In Catalan, you need to know the number and gender of a noun to form the accompanying adjectives, determiners, numerals, and pronouns correctly.

Catalan has two genders for nouns: masculine and feminine. There are also two numbers: singular and plural. Additionally, Catalan has only one case for nouns, but three cases for pronouns.

grammatical namevaluesexamples
numbersingularun cotxe vell
(one old car)
pluralcinc cotxes vells
(five old cars)
gendermasculinemetge vell
(old doctor)
femininedona vella
(old woman)
case (noun)nominativeel gos (the dog)
case (pronoun)nominativeMario construeix una casa. Ell construeix una casa.
(Mario builds a house. He builds a house.)
accusativeMarío construeix una casa. Marío la construeix.
(Mario builds a house. Mario builds it.)
dativeLa Maria regala un llibre a Luigi. La Maria li regala un llibre.
(Maria gives Luigi a book. Maria gives him a book.)
adjectives (noun)after noununa poma vermella
(a red apple)
before noununa bona poma
(a good apple)
verb tensespresentell canta
(he sings)
past (imperfect)ell cantava
(he sang)
futureell cantarà
(he will sing)

The standard order of a noun phrase in Catalan is the following: preposition + determiner + numeral + noun + adjective. See for example:

sobre   aquests tres    cantants populars   
about   these   three   singers  popular
PREP    DET     NUM     NOUN     ADJ
"about these three popular singers"

Lexicon

Nouns

Catalan nouns are inflected for number. When the lexicon entry is missing, the NLG platform will try to find the most probable gender based on heuristics. However, nouns should be added to the lexicon with their grammatical gender if they do not inflect regularly.

Lexicon entries for nouns may also be necessary for inflecting determiners, adjectives, numerals, and pronouns correctly. They are omitted, if a lexicon entry is required, but missing.

Examples

The basic lexicon entry for pare (father) contains:

  • gender: masculine
  • inflection table for case and number:
SingularPlural
Nominativeparepares

Adjectives

In the lexicon, the inflection table encodes number and gender. For adjective position, the default is "after noun".

Verbs

Catalan verbs inflect for person, number, and tense. The most common verbs are encoded in our software. If a verb inflects incorrectly, you should add it to the lexicon.

Container settings

Determiner

The AX NLG platform supports the following determiners for Catalan: definite, indefinite, demonstratives (proximal + distal), and possessives.

Numerals

The noun will automatically agree with the numeral number when a numeral variable is used. Four types of numerals are possible on the AX NLG platform: cardinal, cardinal as digit, ordinal, and ordinal as digit.

cardinalordinal
textnou dies
(nine days)
el novè dia
(the ninth day)
digit9 dies
(9 days)
el 9è dia
(the 9th day)

For Catalan, both cardinal and ordinal numerals are written out until 20, otherwise (above 20) the output is in digit form. For example:

vint cotxes
(twenty cars)
21 cotxes
(21 cars)

Preposition and Determiner: contraction

If users configure prepositions in the container, they are automatically adapted, if phonetic assimilation needs to happen.

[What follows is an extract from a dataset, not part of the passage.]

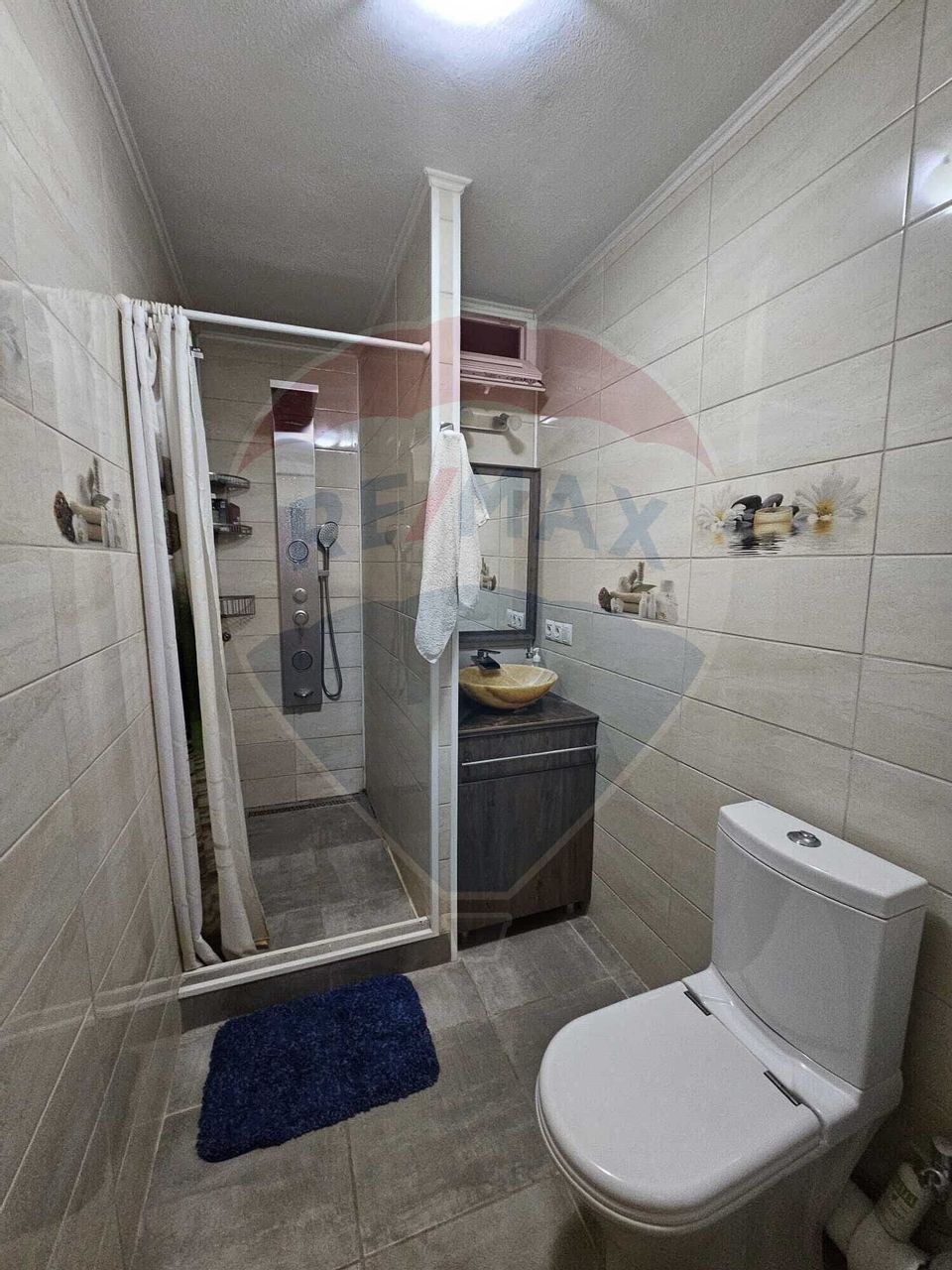 Apartament cu 2 camere de vânzare în zona Terezian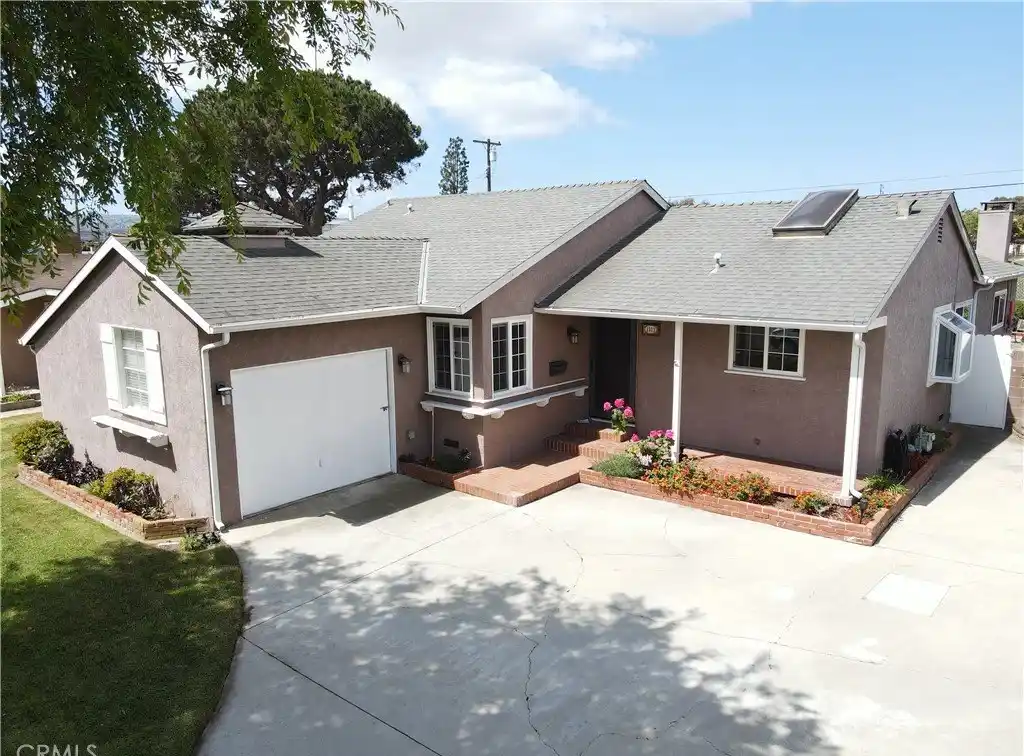 Spacious Single-level Home in Torrance Gardens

"al" is a contraction of the preposition "a" (to) and the definite article "el" (the). For example:

"Vull anar al parc." 
(I want to go to the park.)

Determiner Switch

Determiners can be switched according to lexicon information. If there are definite determiners (e.g., for country names) for a noun phrase, they will be activated for the container. For the first example, the default for determiner is used: None (no article). The container setting is: determiner="None", and case="nominative".

Viatgen a Alemanya.
(They travel to Germany.)

As for the second example, the container settings for Països Baixos (Netherlands) are still: determiner="None" and case="nominative", but determiner switch is set in its lexicon information.

Viatgen als Països Baixos.
(They travel to the Netherlands.)

Thus, a determiner switches from none to definite. Then, the definite determiner automatically contracted with preposition, so it becomes als.